-- Opening Marker --

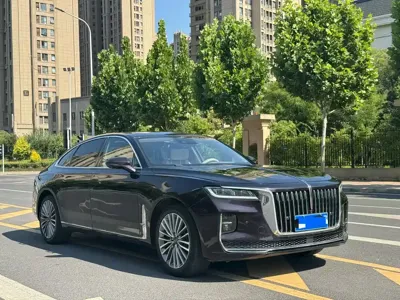 Hongqi Hongqi H9 2021, 60000 км, за 118800 CNY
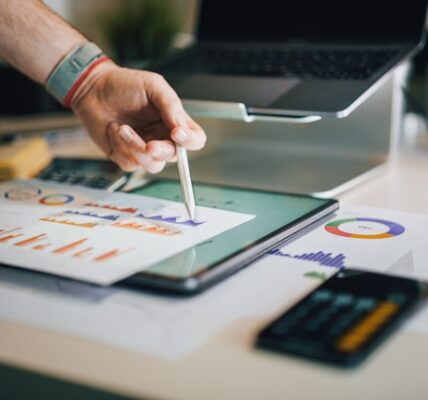 Duplikat faktury uproszczonej – co zrobić, gdy klient prosi o ponowny dokument?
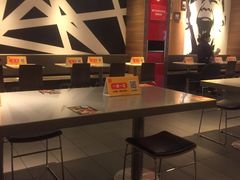 -麦当劳(汉口火车站候车室店)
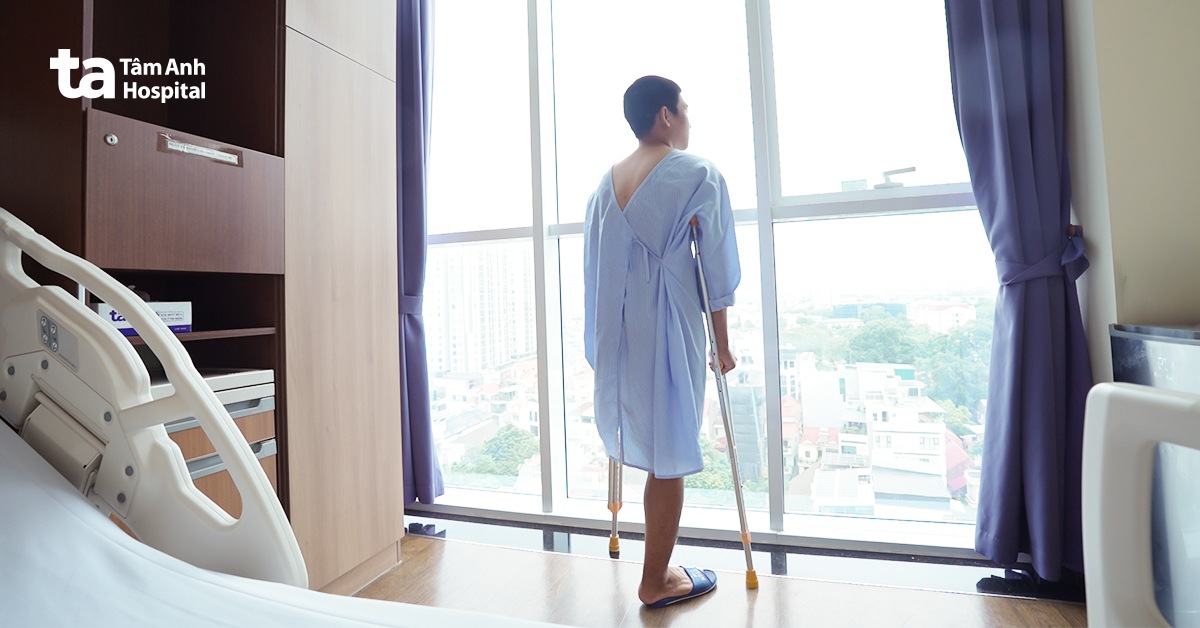 Tai nạn mất một chân, thí sinh kịp hồi phục xét tuyển đại học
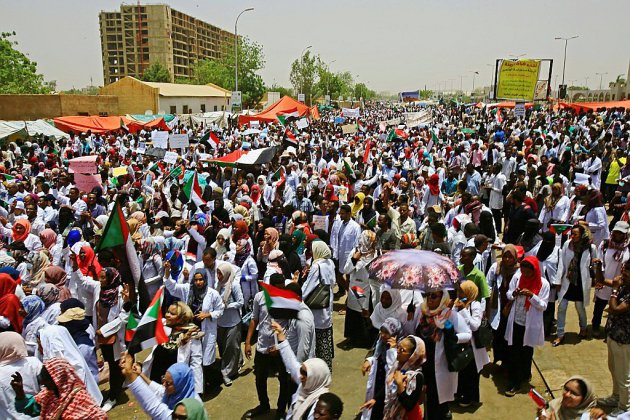 Soudan: le pouvoir militaire fait de nouveaux gestes, la contestation se poursuit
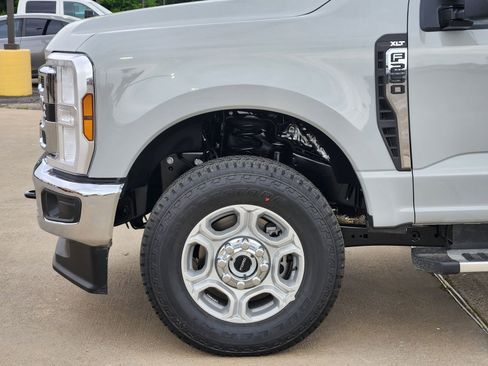 New 2026 Ford F250 XLT w/ FX4 Off-Road Package AWD/4WD image 9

-- Closing Marker --

Set down the lines of the records above exactly, apart from the pictures.

Result below:
 Hongqi Hongqi H9 2021, 60000 км, за 118800 CNY
 Duplikat faktury uproszczonej – co zrobić, gdy klient prosi o ponowny dokument?
 -麦当劳(汉口火车站候车室店)
 Tai nạn mất một chân, thí sinh kịp hồi phục xét tuyển đại học
 Soudan: le pouvoir militaire fait de nouveaux gestes, la contestation se poursuit
 New 2026 Ford F250 XLT w/ FX4 Off-Road Package AWD/4WD image 9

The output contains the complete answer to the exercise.